_Data in this exercise_:
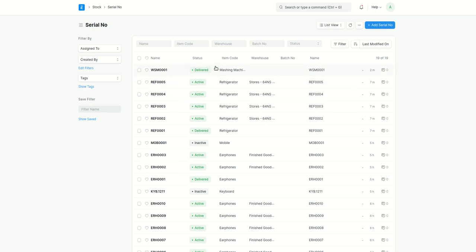The status is updated depending upon the sales order, delivery note, or sales invoice — all of these are linked. That's why having a serial number is really important. I hope you understood everything in this video. Thank you so much for watching.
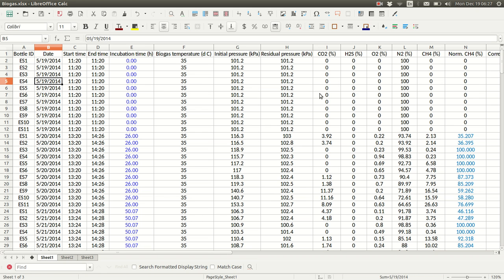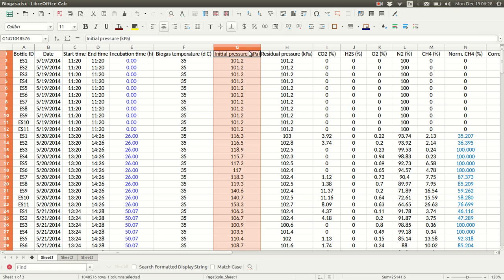In this video, I'll show how to use OBA, the online biogas app, to calculate BMP from manometric measurements of biogas production. We will need two data files to do this. In the first one, which I've called biogas, we have our measurements of biogas quantity. Here it's headspace pressure in each individual bottle that contains substrate and inoculum, or inoculum only.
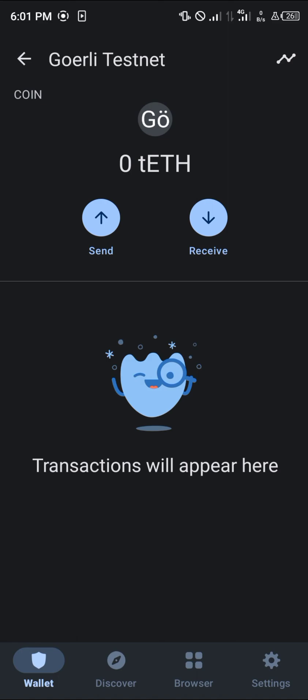So guys, that's how you can simply add the Go Early network on your Trust Wallet. Comment down below if you have any questions concerning how we can go about this and you'll be given an answer. Thank you.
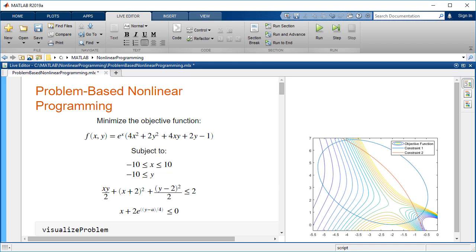This example uses a problem-based approach, which uses optimization variables to define the objective and constraints. See the documentation for the solver-based approach.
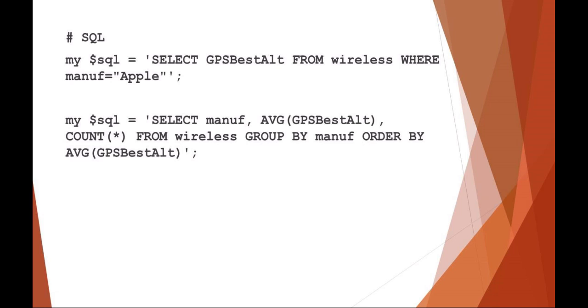So it would say Apple, for example, the average of all the altitudes of the Apple wireless access points and then the number of how many wireless Apple access points.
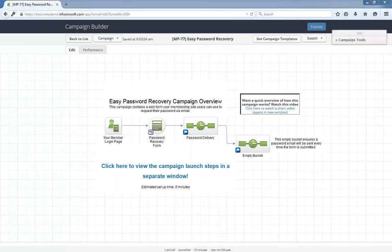Hello, I'm Paul Sokol and this is the overview video for the August 2015 free campaign of the month. This month we have an easy password recovery campaign, which is perfect if you have a membership site or something that requires your customers to have a username and password.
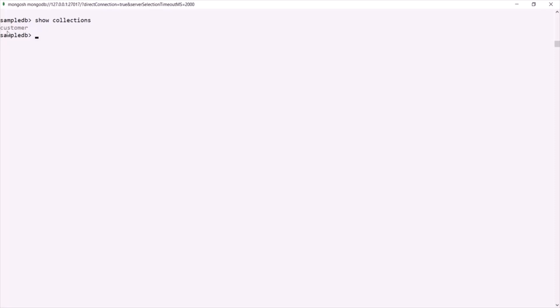Now let's go ahead and see what documents are inside this customer collection. In the last lecture, we deleted all the documents from this customer collection. So if I use the find method on this customer collection, it should return us nothing — and that's what you will see here.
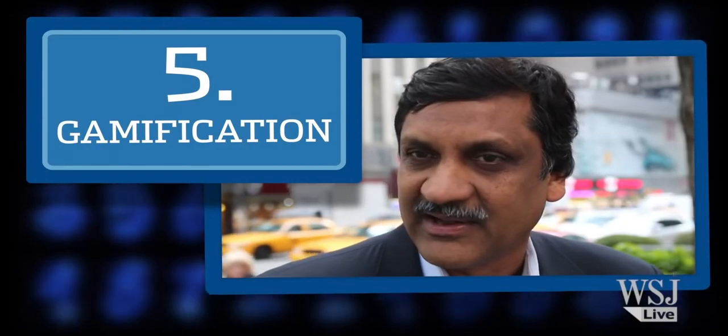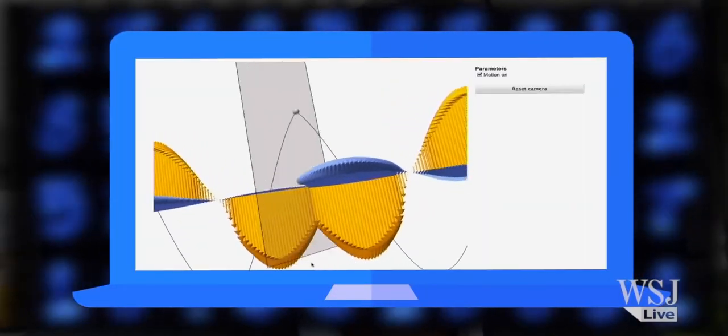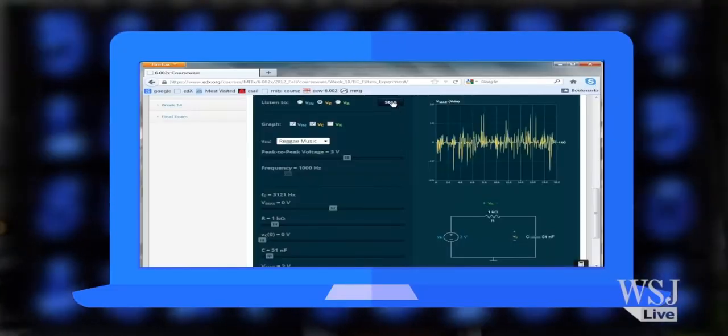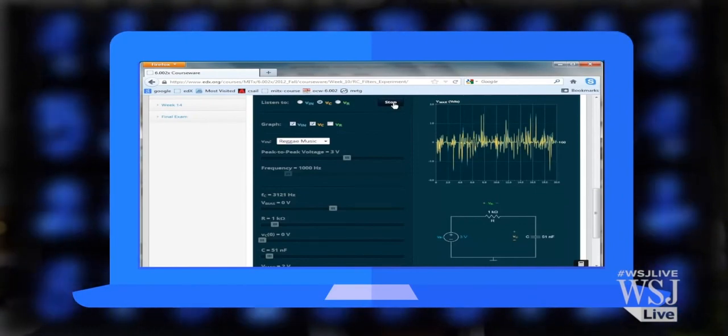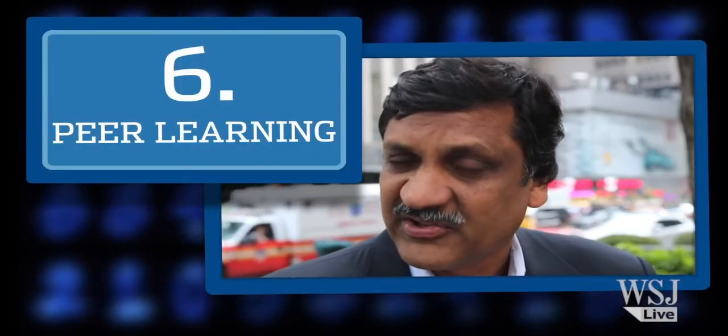We can be much more engaging to students by bringing in game-like experiences. On the edX platform, for example, we have many online simulation-based laboratories where students can build things with a Lego-like interface. By doing that, they get engaged through gamification and can keep trying with various kinds of components, making online labs very engaging.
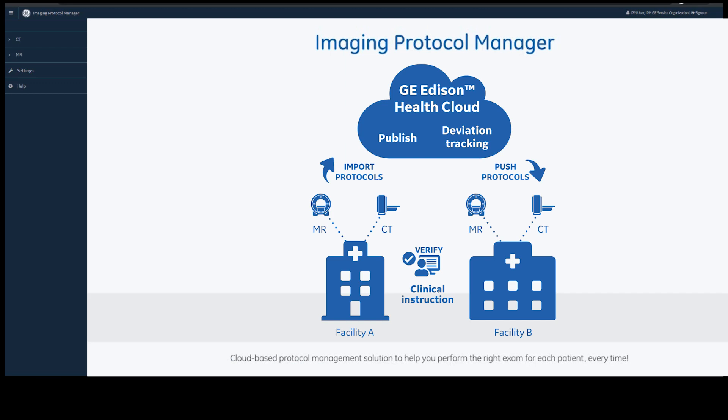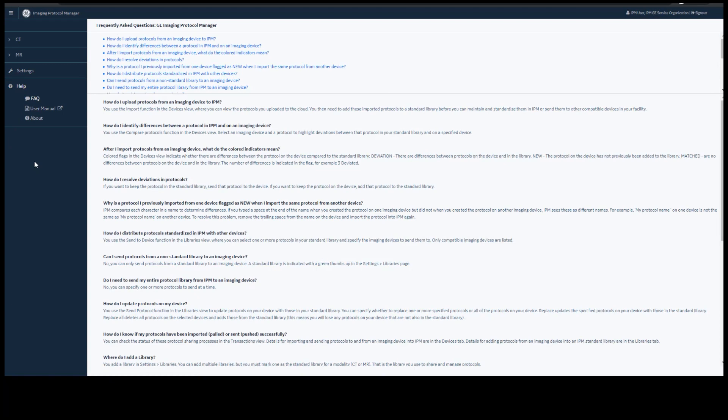As you can see, after logging into IPM on the left-hand side, you have CT, MR, settings, and help. Underneath the help, you have FAQs, a web-based user manual, and an about section.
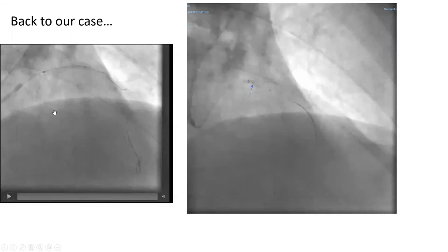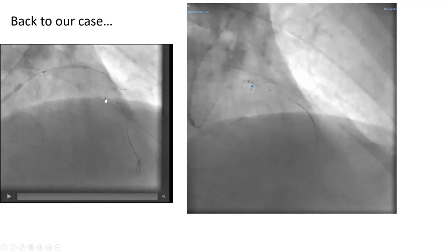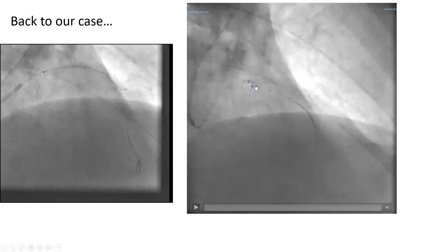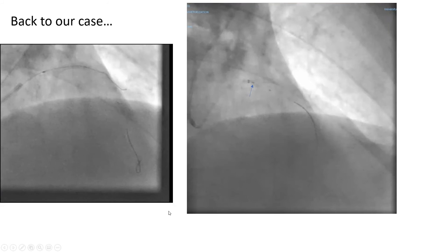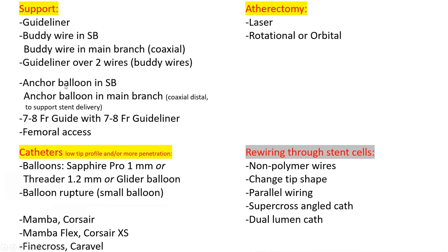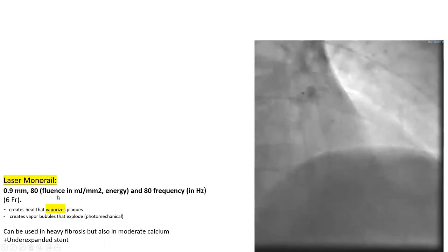Back to the case. We tried with Sapphire Pro, then MambaFlex, with the guideliner Amplatzing — no success. So we decided to do laser atherectomy, because I took into account that this patient likely has heavy fibrosis. Laser is a monorail catheter — the easiest atherectomy device to use. I use the smallest profile laser: 0.9 millimeter, which fits in a six French catheter easily. You can inject contrast around it as you position it.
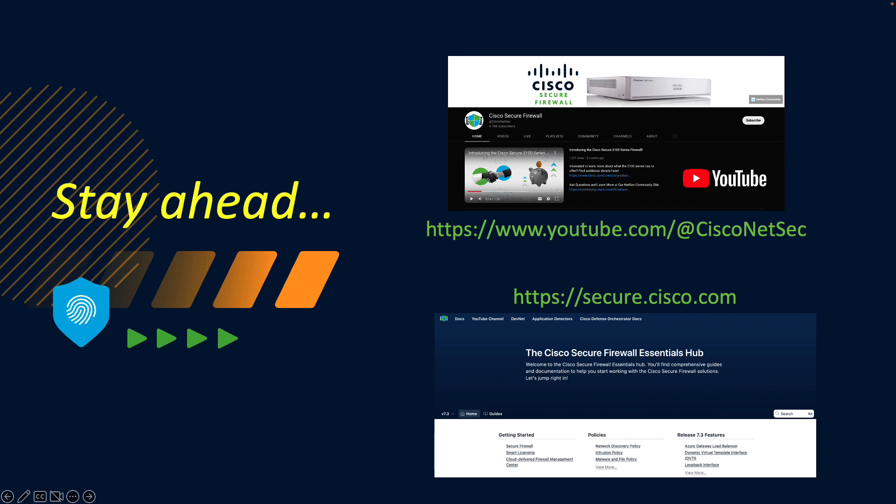I hope this overview of the 7.3 release of Cisco Secure Firewall has been useful and provided some insight to encourage you to try out this new version and the features it brings. Please remember to look out for further content on our usual Cisco portals, including the Cisco Firewall Essentials Hub and the Secure Firewall YouTube channel. Thanks for taking the time out to watch.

_Exercise prompt_: The images in the entries above should be left out; please reproduce exactly the lines from the first through the one containing "So guys, that's".

_Response area_:
The status is updated depending upon the sales order, delivery note, or sales invoice — all of these are linked. That's why having a serial number is really important. I hope you understood everything in this video. Thank you so much for watching.
In this video, I'll show how to use OBA, the online biogas app, to calculate BMP from manometric measurements of biogas production. We will need two data files to do this. In the first one, which I've called biogas, we have our measurements of biogas quantity. Here it's headspace pressure in each individual bottle that contains substrate and inoculum, or inoculum only.
So guys, that's how you can simply add the Go Early network on your Trust Wallet. Comment down below if you have any questions concerning how we can go about this and you'll be given an answer. Thank you.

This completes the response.